Refer to Contact Us for instructions on communicating with the team.

Respond to Review Feedback

Cooperate with the Licence Management Team to:

• Provide requested clarifications
• Demonstrate compliance tool effectiveness
• Perform remediation if required (e.g. by addressing documentation or process gaps)

Use of SCA and SLA services to verify compliance and practice performance may be required.

Use Certificate

Upon approval, your project and associated software will receive the Software Licence Assurance Certificate, visible at certificates.software.geant.org and in the GÉANT Software Catalogue.

Reference the certificate in documentation, metadata, project pages, or communications. The Licence Management Team will provide guidance on how to do this and will also provide a review report that may help you improve your practices and processes.

After Certification

Maintain Compliance

To keep the certificate valid:

• Uphold all compliance procedures and practices continuously, modifying them when needed.
• Keep compliance tools and their configurations up to date.

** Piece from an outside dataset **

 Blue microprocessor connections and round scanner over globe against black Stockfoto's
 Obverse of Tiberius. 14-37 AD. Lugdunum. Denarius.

• Implement governance, compliance monitoring, and automation measures across all included software.

• Address identified issues promptly.
• Clearly mark which software versions are actively maintained.

• Maintain compliance artefacts, documentation, and data.

• Respond to queries from users, contributors, or the Licence Management Team.
• Conduct internal or external audits at least every two years.
• Address review and audit findings.
• Inform the Licence Management Team of any major practice changes.

Reviews, Audits, and Responding to Changes

• A biennial audit is required, either as an internal audit by the development team or as an external audit arranged with the Licence Management Team.

• Spot checks may be initiated after major changes or events.
• An internal review is required following:
  • Governance or leadership changes
  • Major changes to compliance processes
  • Serious compliance concerns raised by users

Contact the Licence Management Team proactively when significant changes occur to determine if recertification is needed.

Certificate Validity

The certificate is valid indefinitely, unless revoked.